### WORK TO BE COMPLETED:
The pictures stay out. Please retype every line below exactly.

### DATASET EXCERPT:
____
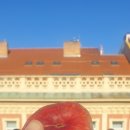 더달달 민박 이미지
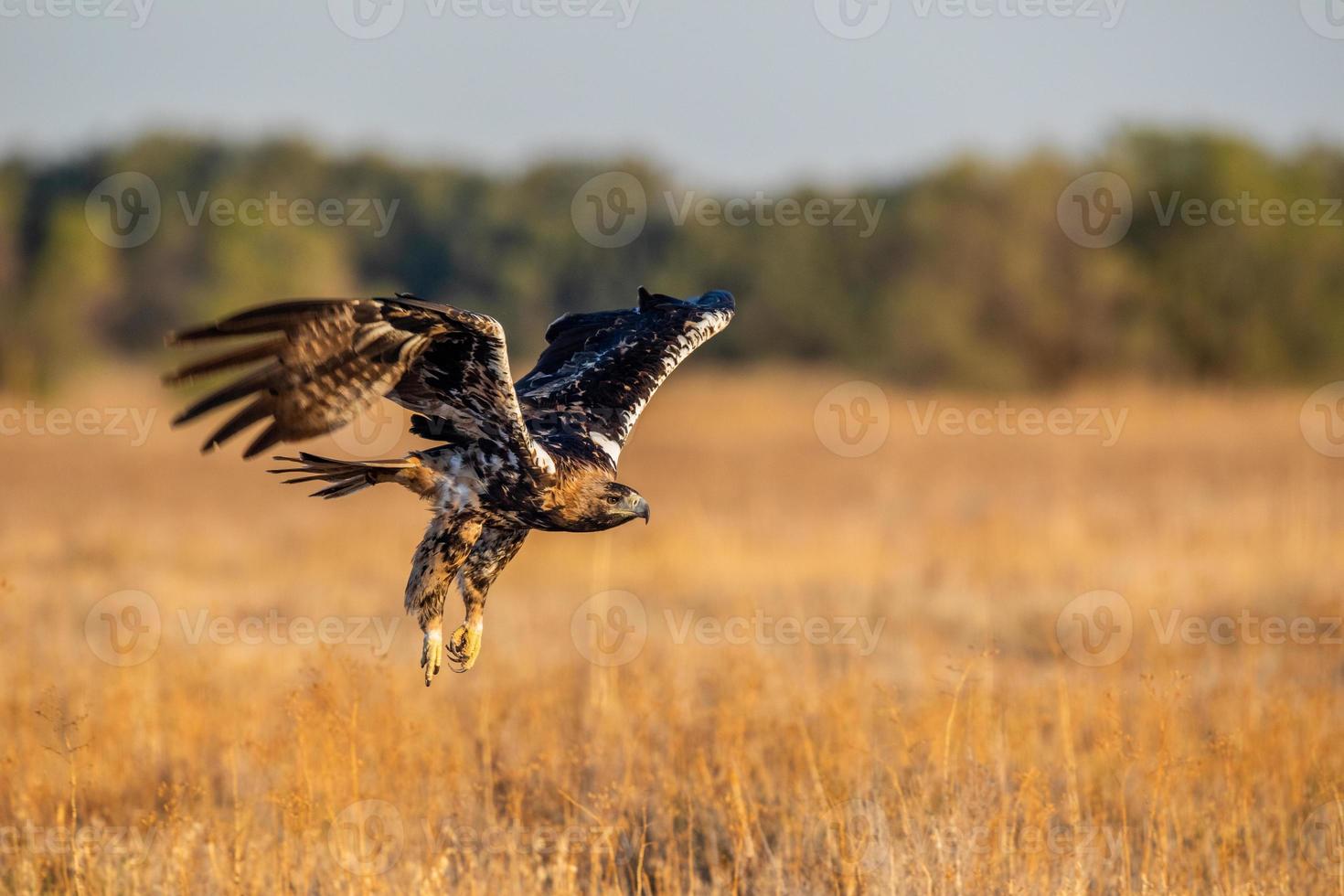 águia imperial espanhola aquila adalberti foto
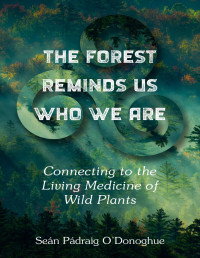Sean Padraig O'Donoghue — The Forest Reminds Us Who We Are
____
### PROBLEM SOLUTION:
 더달달 민박 이미지
 águia imperial espanhola aquila adalberti foto
Sean Padraig O'Donoghue — The Forest Reminds Us Who We Are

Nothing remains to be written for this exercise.